Sunday, October 17, 2010

Second Circuit Holds That FDCPA Does Not Apply to Proof of Claim in Bankruptcy

The Second Circuit has held that an allegedly inflated proof of claim cannot form the basis for a claim under the Fair Debt Collection Practices Act. Simmons v. Roundup Funding, No. 09-4984 (2nd Cir. 10/5/10). The opinion can be found here.

In Simmons, Roundup Funding filed a proof of claim for $2,039.21. After a hearing on claims objection, the court reduced the claim to $1,100.00, the amount that the debtors acknowledged to be owed.

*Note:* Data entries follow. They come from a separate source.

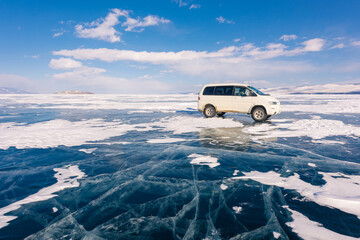 The russian vans on frozen lake baikal, siberia, Russia. The deepest lake in the world with...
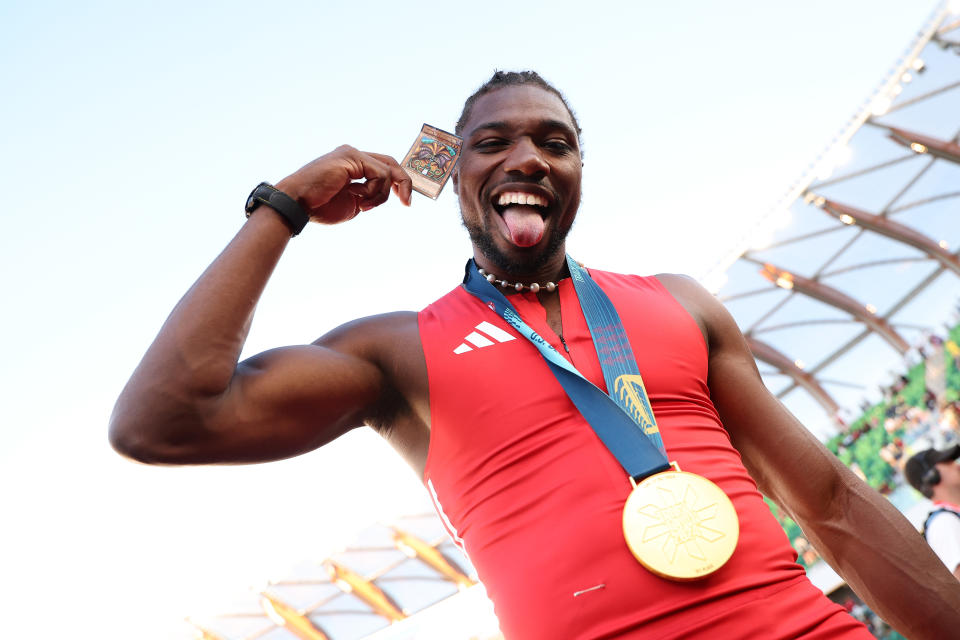 EUGENE, OREGON - JUNE 23: Noah Lyles poses with a Yu Gi Oh card and the gold medal after winning the men's 100 meter final on Day Three 2024 U.S. Olympic Team Trials Track & Field at Hayward Field on June 23, 2024 in Eugene, Oregon. (Photo by Christian Petersen/Getty Images)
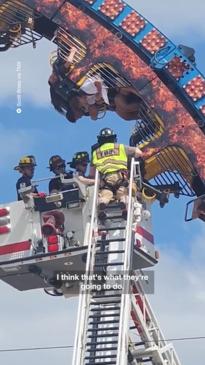 Rollercoaster riders stuck upside down after coaster malfunctions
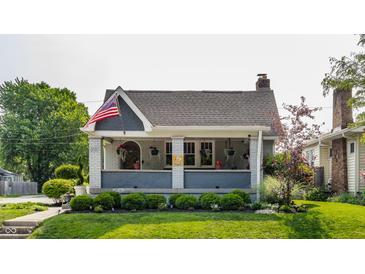 Charming home featuring a inviting front porch and manicured landscaping at 1437 Shannon Ave, Indianapolis, IN 46201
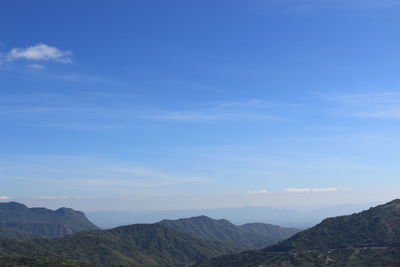 Scenic view of mountains against blue sky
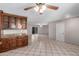 Open-concept kitchen featuring a center island, granite countertops, and tile flooring at 6837 W Camelback Rd, Phoenix, AZ 85033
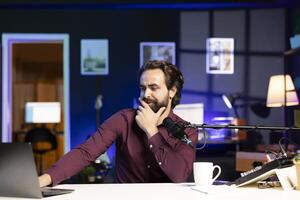 Man reading from laptop in studio, looking perplexed at recent news headlines, sharing opinions with audience. Show host talking with subscribers, feeling shocked by information he found online photo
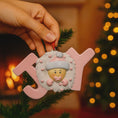 Load image into Gallery viewer, Decorative ornament with a baby face and 'JOY' letters against a festive background.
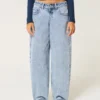 Lågmidjade, ljusblå, avsmalnande baggyjeans
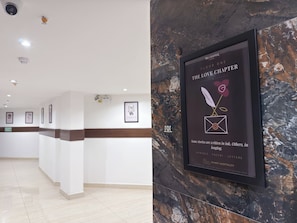 Zona de recepción de hotel con pared de mármol, obras de arte enmarcadas y un cartel con el nombre y la ubicación del hotel.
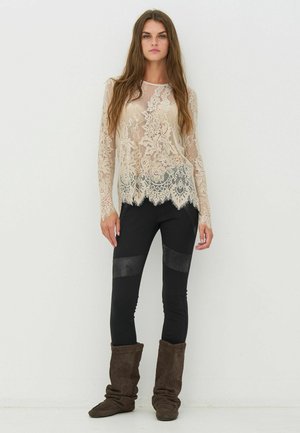 Beiger Spitzenlangarmshirt mit gewelltem Saum über schwarzen Leggings mit lederähnlichen Akzenten. Das Modell trägt braune Wildlederstiefel.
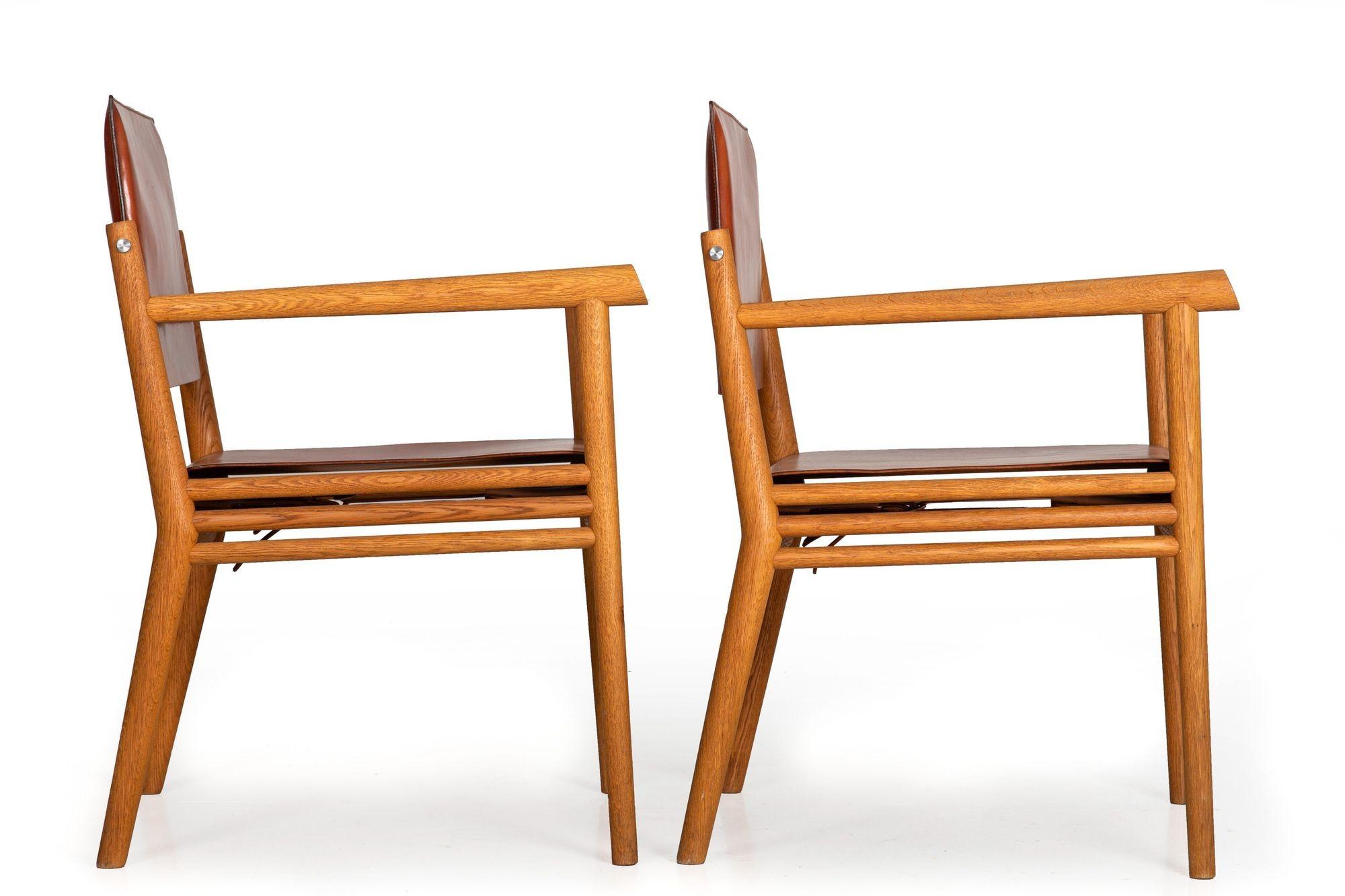 20th Century Pair of Wire-Brushed Oak and Leather Arm Chairs after Jean-Michel Frank For Sale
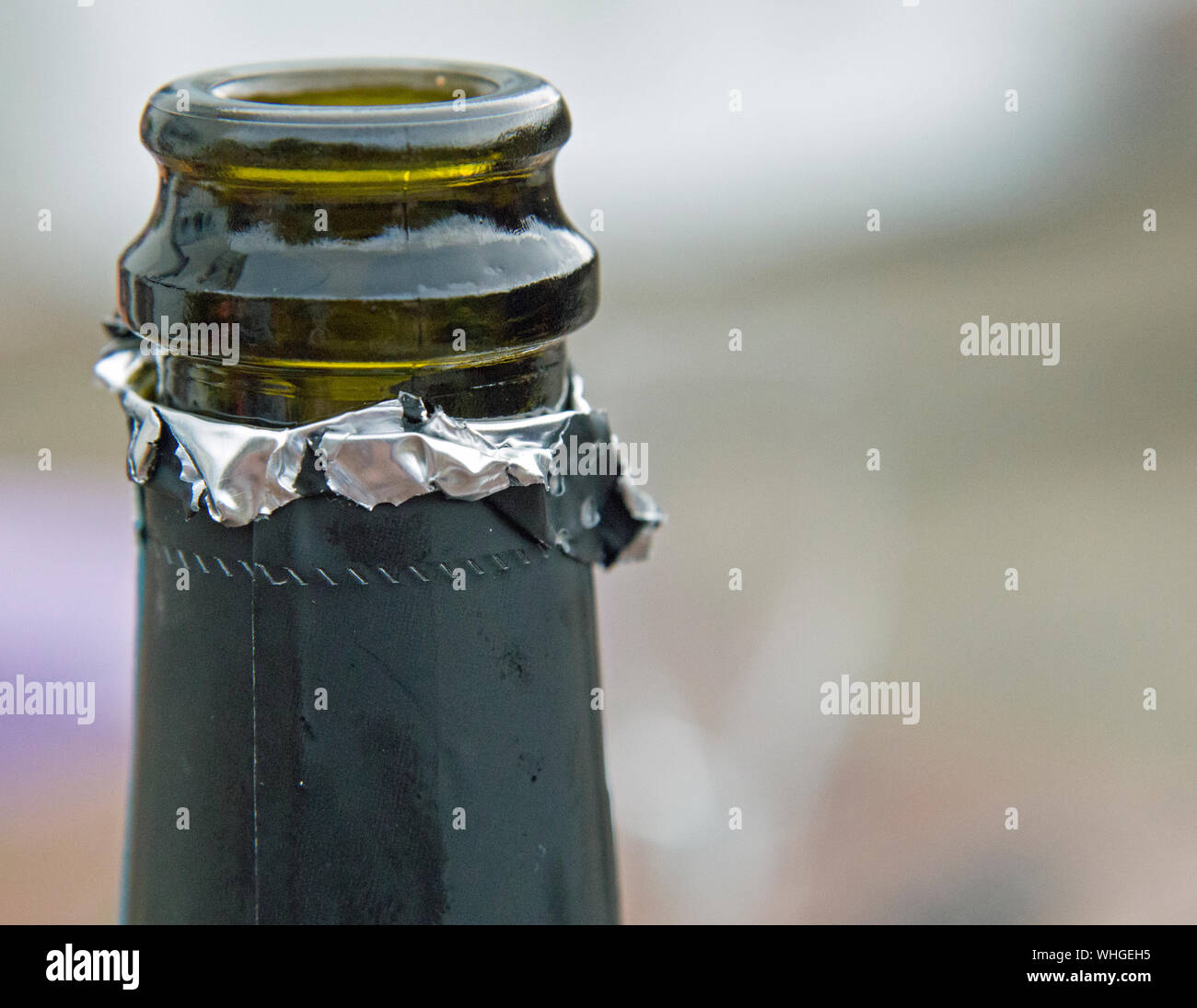 Nahaufnahme auf grünem Glas Sekt Flasche Mund mit Metallfolie abgeschält Stockfoto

Having achieved victory on the claims objection, the Debtors then sought to bring a class action under the FDCPA. The District Court was not impressed and not only dismissed the action, but awarded attorney's fees against the Debtors. The Second Circuit affirmed the dismissal, but reversed the award of attorney's fees.

The Court wrote:

Federal courts have consistently ruled that filing a proof of claim in bankruptcy court (even one that is somehow invalid) cannot constitute the sort of abusive debt collection practice proscribed by the FDCPA, and that such a filing therefore cannot serve as the basis for an FDCPA action (citations omitted).

We join these courts. The FDCPA is designed to protect defenseless debtors and to give them remedies against abuse by creditors. There is no need to protect debtors who are already under the protection of the bankruptcy court, and there is no need to supplement the remedies afforded by bankruptcy itself.

Slip Opinion, at 5-6.

It is interesting that the Court did not cite any provision of the FDCPA in affirming the dismissal. While the Fair Debt Collection Practices Act is designed to protect "defenseless debtors" from voracious collectors, this is typically not a requirement under the statute. The omission of a word or two can be the basis for an action regardless of whether the debtor was defenseless or not.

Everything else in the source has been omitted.